Note: this section makes extensive use of OTF-specific terminology that is explained in detail in the design concepts page. If you haven't read that page, you should do so before continuing.

Usage Outline

In the broadest terms, the procedure for using the OTF in writing a biochemical application is as follows:

Create the input for genlib -- the input is typically a file listing the components requested for inclusion in the generated library as well as customization C++ code, specially marked up for recognition by genlib.
Run genlib to create the compiled library and class interface header files -- by default both are deposited in a subdirectory named lib.
If any compilation errors are encountered, correct the input and repeat step 2.
Compile the complete application with the generated header files and link with the compiled library.

Input Preparation

This section will lay out the general procedure of developing your genlib input and may gloss over fine detail. Questions of exact syntax, etc., can be resolved by consulting the genlib reference page .

Component inclusion

The first step in input preparation is to decide which available toolkit components to request for inclusion in the generated classes. Requests for inclusion are typically found at the top of the input and are composed of the keyword implementation followed by the name of an implementation of that component, e.g.:

implementation Molecule/default; implementation Molecule/PDBio_default;

The name of the implementation is composed of the toolkit name and the component implementation file name, separated by a '/'. If the component is in a subtoolkit, then the subtoolkit name (or names, for sub-subtoolkits) would follow the main toolkit name but proceed the component name, with '/'s separating the names.

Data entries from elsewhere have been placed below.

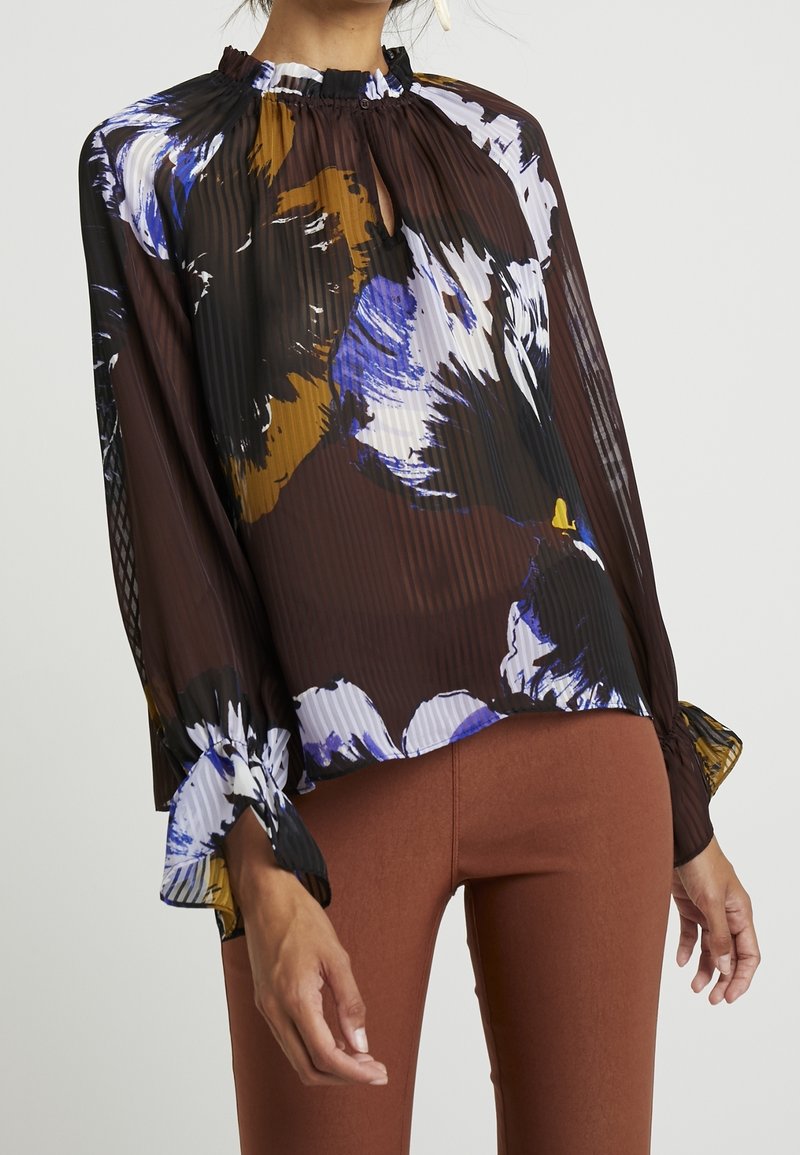 Durchsichtige braune Bluse mit bunten Blumenmustern, plissierter Textur, Rüschenausschnitt und Glockenärmel, kombiniert mit taillierten braunen Hosen.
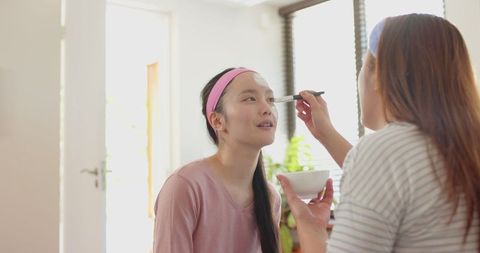 Mother and Daughter Applying Facial Mask Near Window and Bonding at Home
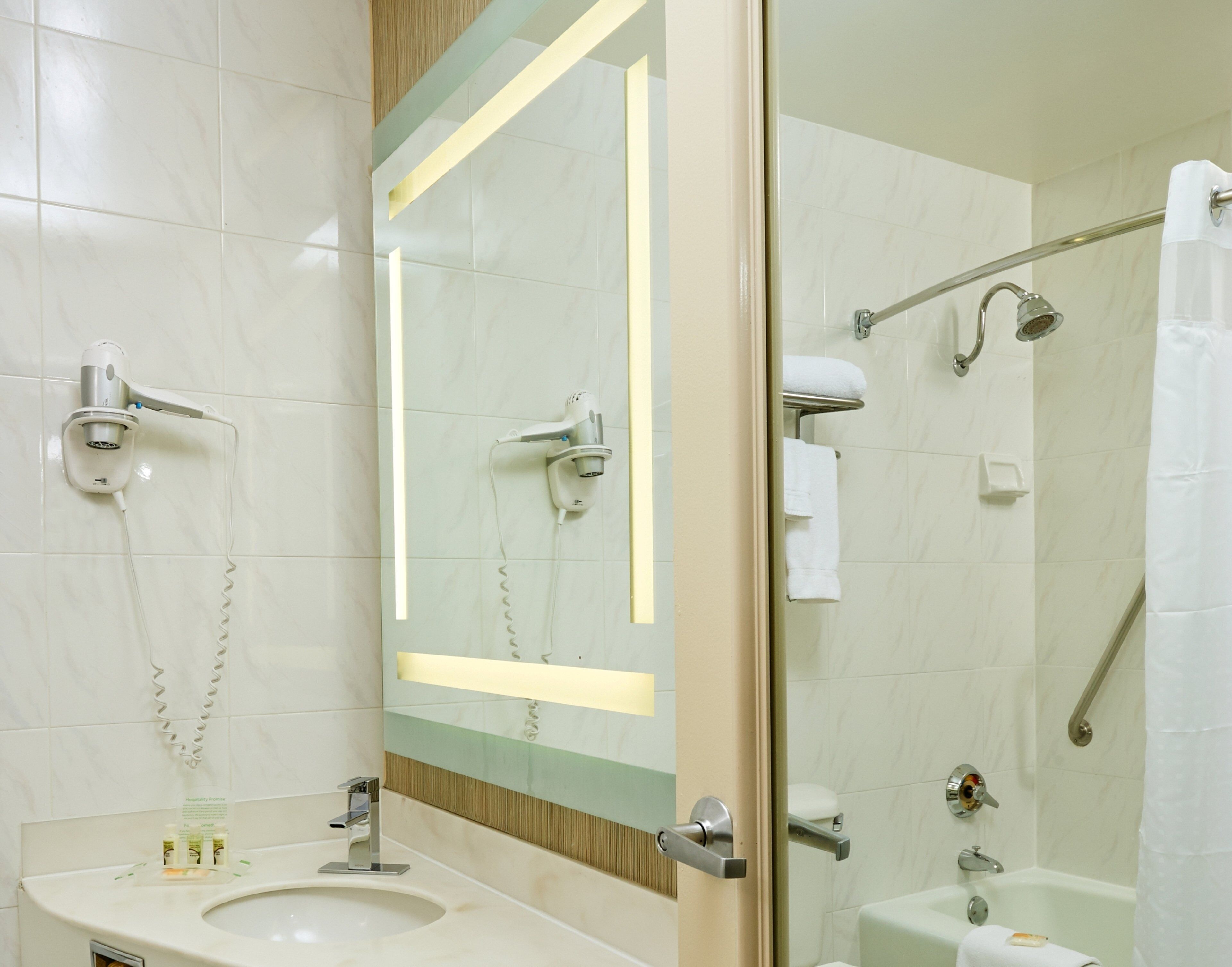 A modern bathroom with a sink, mirror, and shower.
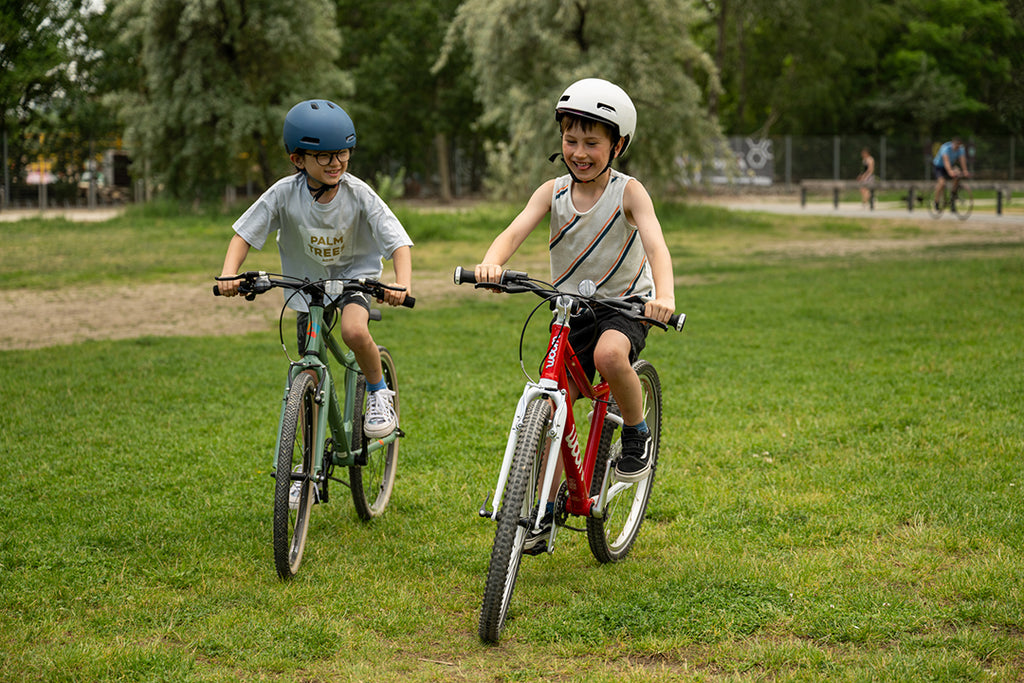 Zwei Jungs fahren mit ihren Kinderfahrrädern über eine Wiese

If a genlib input file contained only implementation statements, then genlib would generate code for a set of classes (e.g. Molecule, Atom, etc.) with the specified genericly useful features included. To make these classes useful to a particular application, specialized features need to be added...

Customization

The vast bulk of the application-specific customization is in the form of C++ code written by the application developer, specially marked up so that genlib knows where to place the code in the generated classes. The code markup tags are:

members: Additions to the class interface (header file).
code: Implementation of functions specified in members tag.
inlinecode: Same as code, except inlined.
constructor: Code added to constructor(s).
destructor: Code added to destructor.

Besides code markup tags, there are some other statements that genlib interprets that are pertinent to class customization. They are:

includefile: Specify a file to be included in class interface
provide container: Specify that a class needs to have a container of instances of, or references to, another class.
container: The OTF supports a wide variety of container types, but some applications may need to make use of custom containers. The container statement is employed to communicate a custom container's syntax and semantics to genlib, so that the container can be used in other genlib statements.

Running genlib

After creating an input file, running genlib with that file as input and no command line options will do the following:

Create a subdirectory named lib. All further work by genlib occurs in this subdirectory.
Compose requested classes into Class.h and Class.cc files.
Create a lib.h file that includes all the Class.h files as well as all the inline functions. This lib.h file gets included in all the Class.cc files (rather than including Class.h).
Create a Makefile.
Compile the sources into a library named liblib.a.

Via command line options, it is possible to override the default library name (lib), the default compiler (g++), etc. The Command Line Use section of the genlib manual page covers these options in detail and should be perused in any case.

Genlib errors

There are two types of errors that can result from running genlib: errors from genlib itself, and errors from the compilation of the assembled C++ code. Errors from genlib itself should be fairly self-explanatory. If you encounter a genlib error that you don't understand, please send mail to otf@cgl.ucsf.edu so that we can explain the error and also improve the error text to make it more understandable in the future.

Errors during compilation will refer to line numbers in the composed code modules, rather than in the genlib input file. To correct the errors, you should refer to the code module mentioned in the error message, identify the error and its correction and then go back to the input file and make the correction and rerun genlib. Making the correction directly in the code module and running make will work to recompile the library, but in the long run it is better to correct the input file so that if you decide to add or subtract components, etc., then rerunning genlib will generate correct code and you won't have to redo all your corrections.

Compiling the Application

To employ the class library created by genlib, it is necessary to include the lib/lib.h file in any code modules that use the generated classes, and to link the object files with the lib/liblib.a archive. That's all there is to it.